Set alongside these global trends in the profession and practice of surgery and in the coffee room controversies that they generate, are the debates on specific aspects of the practice of surgery. Some debates arise from difficult choices around the allocation of resources to desirable ends, such as the development of national screening programmes for a range of diseases of surgical significance, including breast, bowel and prostate cancer, aortic aneurysms and diabetes. Other debates arise around the optimal way of addressing surgical problems, as for example the debate around the relative merits and risks of relatively mature technologies for laparoscopic hernia and bowel surgery, or for one or other type of joint replacement. Yet other debates arise over the rate and safety of the introduction of new devices and implants. In recent years, our concerns within the Association of Surgeons of GB and Ireland about the lack of a national risk register for implantable devices and our efforts to address it have been overtaken by national media coverage of the defective PIP breast implants, and the unexpectedly serious morbidity of certain “metal on metal” hip implants, as but examples.

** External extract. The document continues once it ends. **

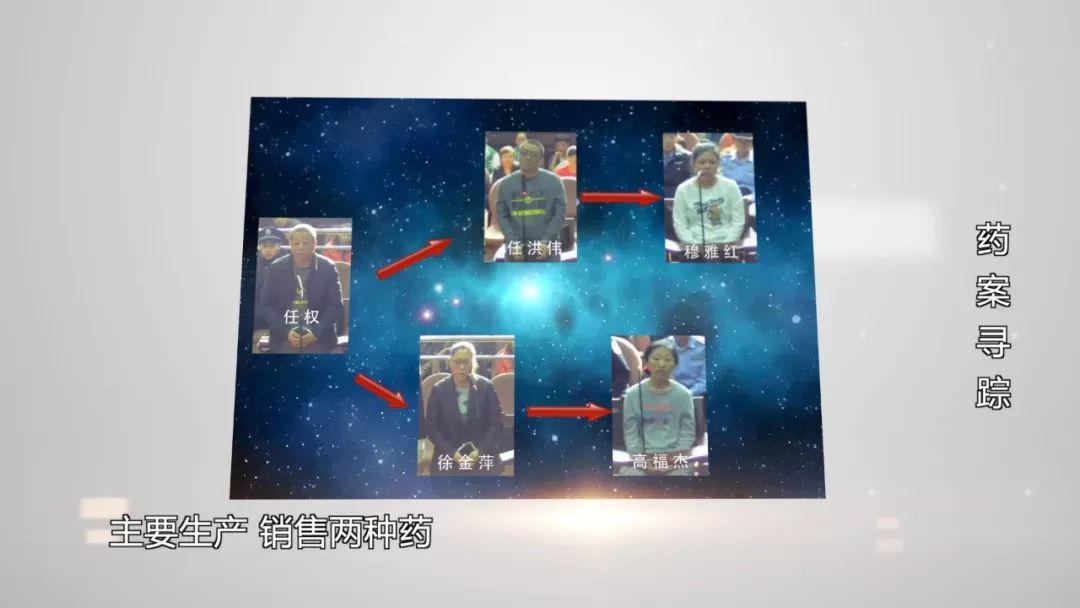 法治天下|公诉机关指控两名被告人涉嫌生产、销售假药，两人辩解称有幕后老板指使。幕后老板是否存在？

In 30 years of front line postgraduate surgical practice as a trainee and consultant surgeon in the UK, I and my contemporaries have witnessed, experienced and adapted to all of these changes. Surgery remains an intensely rewarding and occasionally an intensely distressing field of human endeavour. The greatest challenge for all of us is to adapt what was once a highly personal craft to the digital age. The tools of the internet and mobile telephony in particular are transforming our personal and professional lives with the democratising tsunami of information, from the trivial to the profound. My principal plea and advice to colleagues is to embrace and adapt the information revolution to a better understanding of clinical and surgical outcomes, so that professional controversies are illuminated by fact and knowledge rather than by heresay and opinion. By this means, some controversies will evaporate, while others will emerge. Controversy is the perpetual partner of innovation. I wish the editor and his readers well in absorbing the content of this issue of the Indian Journal of Surgery into their own practice, and in pursuing long and successful careers in Constructive Controversy.